Dağlık Karabağ ve Yedi İkinci Bölge: Dağlık Karabağ, Azerbaycan topraklarında ancak çoğunluğu Ermenililerden oluşan bir bölgeydi. Sovyetler Birliği'nin dağılmasının ardından Ermenistan ve Azerbaycan arasında kontrolünü paylaştığı sert bir çatışmanın ardından, 1994'te ateşkese yol açan bir savaş sonucu bağımsızlığını ilan etti. Azerbaycan'ın Dağlık Karabağ'ı geri almak için birçok girişimi oldu, ancak bu, uzun yıllar süren çatışmalar ve ateşkese yol açan birkaç çatışmanın yaşandığı bir durumu sürdürdü.
Siyasi Sonuçları:
Dağlık Karabağ Sorunu: Dağlık Karabağ'ın bağımsızlık ilanı ve Ermenistan ile Azerbaycan arasındaki çatışmalar, bölgede uzun süren bir soruna yol açtı. Birçok ülke ve uluslararası kuruluş, bu sorunu çözmek için arabuluculuk yapmaya çalıştı, ancak sorunun çözümü uzun süreli ve karmaşıktır.
Bölgesel İlişkiler: Dağlık Karabağ sorunu, Ermenistan ve Azerbaycan arasındaki ilişkileri zorlaştırdı ve bölgesel istikrarsızlığa yol açtı. İki ülke arasında savaşın tekrar patlak verme riski her zaman vardır.
Azerbaycan'ın Siyasi Gelişimi: Azerbaycan, bağımsız bir devlet olarak uluslararası sahnede daha fazla varlık göstermeye başladı ve dış ilişkilerini genişletti.
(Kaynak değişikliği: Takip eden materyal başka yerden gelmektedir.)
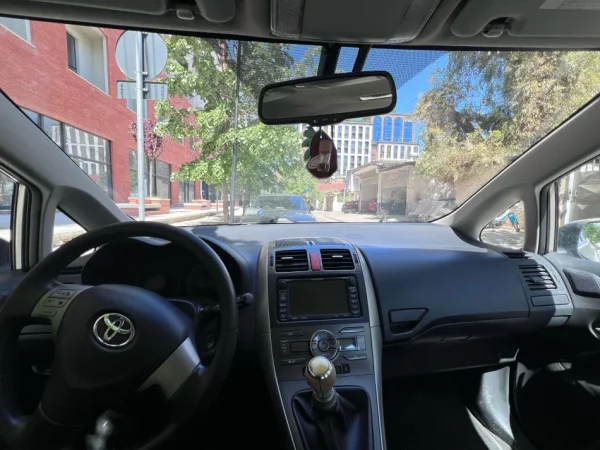 Tirane, shes makine Toyota Auris 2008, Nafte, gri metalizato manuale Kondicioner 201.000 km 3.000 €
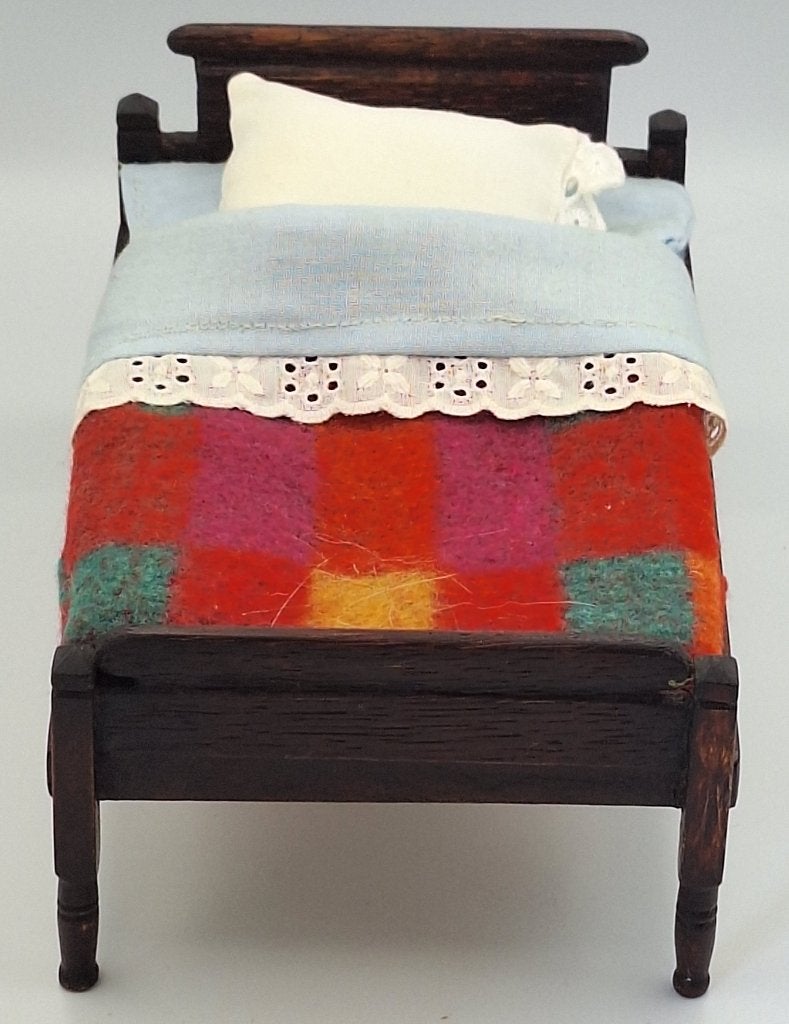 Uniek handgemaakt bed voor het poppenhuis, Verzamelen, Ophalen of Verzenden, Zo goed als nieuw, Poppenhuis
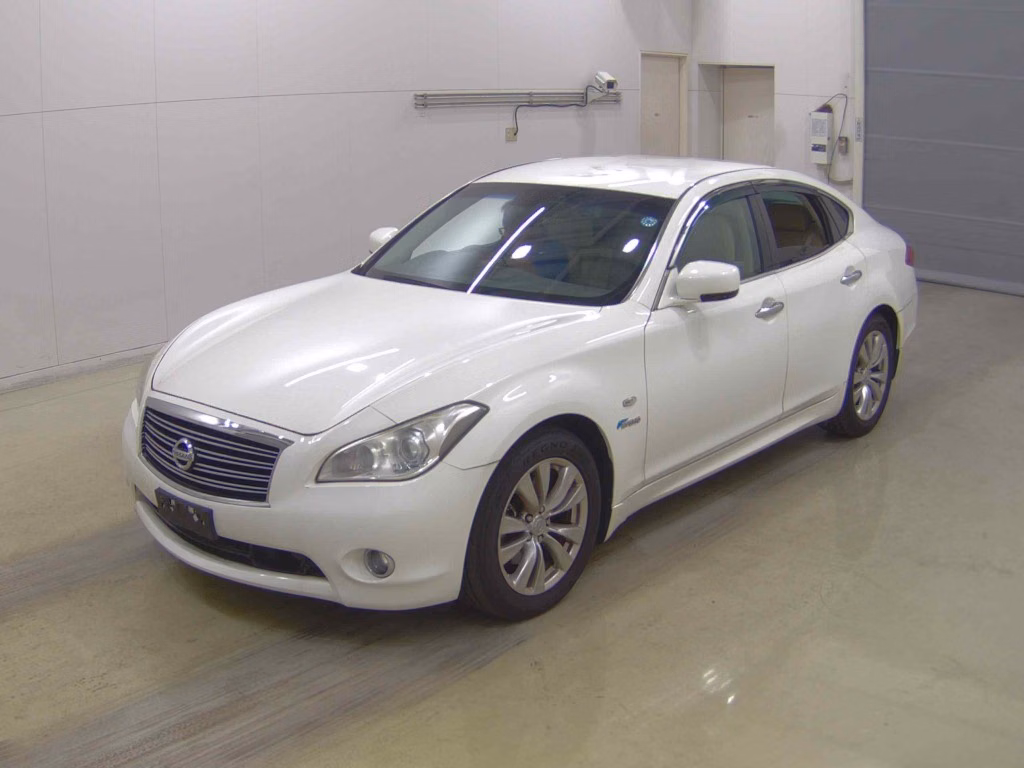 NISSAN FUGA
Ülke, enerji kaynaklarını ve jeostratejik konumunu kullanarak uluslararası arenada daha fazla ağırlık kazandı.
İnsan Hakları ve Demokrasi: Azerbaycan'ın siyasi gelişimi ve demokratik kurumların oluşturulması üzerine olumsuz eleştiriler de olmuştur. Bazı insan hakları kuruluşları, Azerbaycan'da demokrasi eksikliği, basın özgürlüğü sorunları ve muhalefetin baskı altına alınması gibi sorunlara dikkat çekmiştir.
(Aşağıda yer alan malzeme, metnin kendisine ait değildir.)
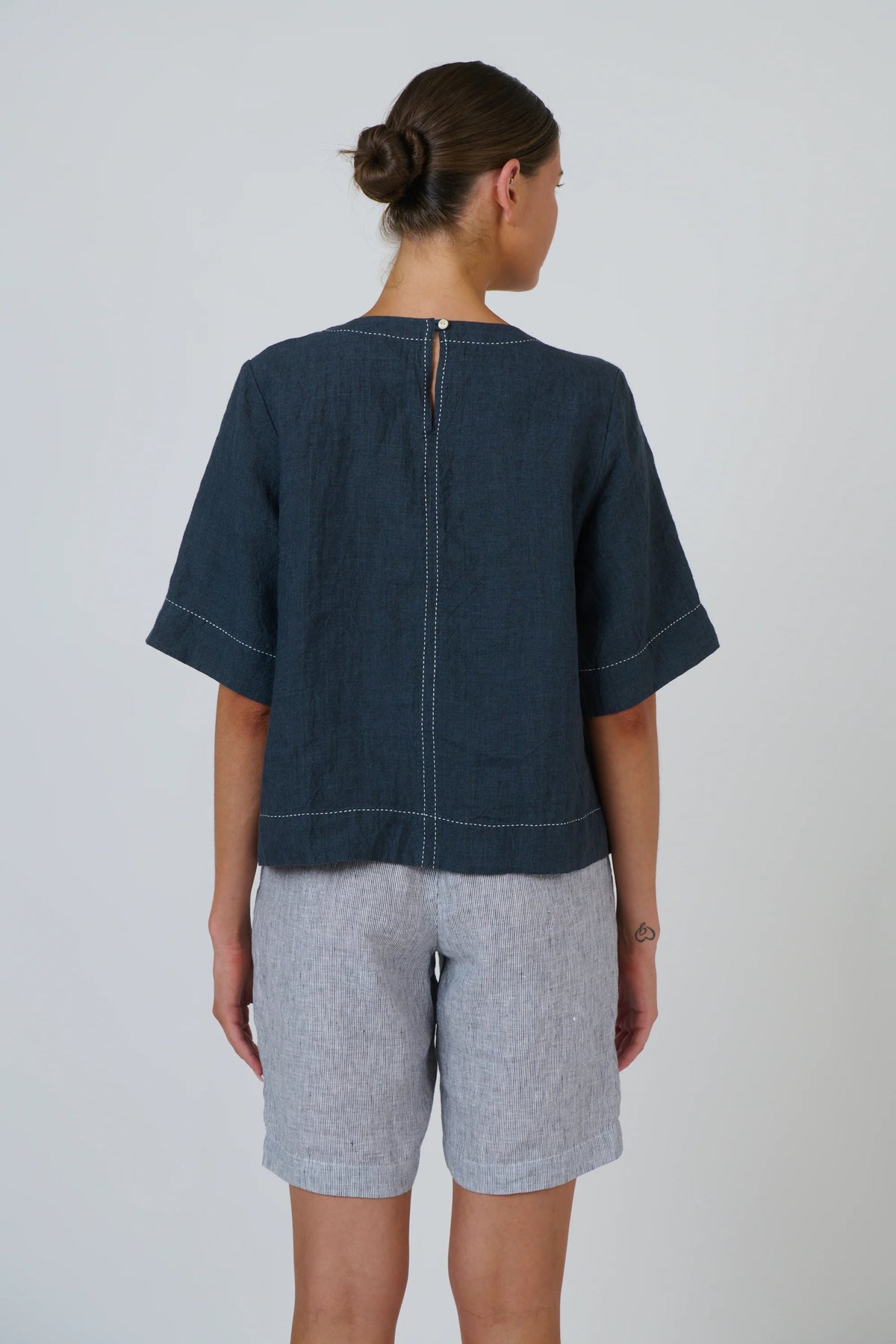 Naturals | Linen Top | Gunsmoke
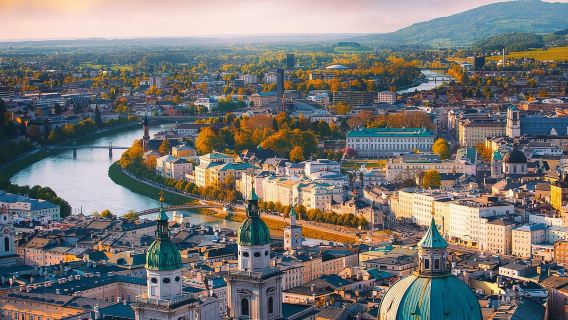 13-Hour English Join-in Tour in Vienna, Austria + Budapest with Chinese Online Customer Support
Uluslararası Tanınma: Dağlık Karabağ'ın bağımsızlığının uluslararası tanınması hâlâ tartışmalıdır. Birçok ülke ve uluslararası kuruluş, Dağlık Karabağ'ın Azerbaycan'a ait olduğunu tanımaktadır, ancak bazı ülkeler bu bağımsızlığı tanımıştır veya desteklemiştir.
Azerbaycan'ın ikiye ayrılmasının siyasi sonuçları karmaşıktır ve hâlâ çözülmeyi bekleyen birçok sorun vardır. Bu sorunların çözümü, uluslararası diplomasi ve uzun vadeli müzakereler gerektirmektedir.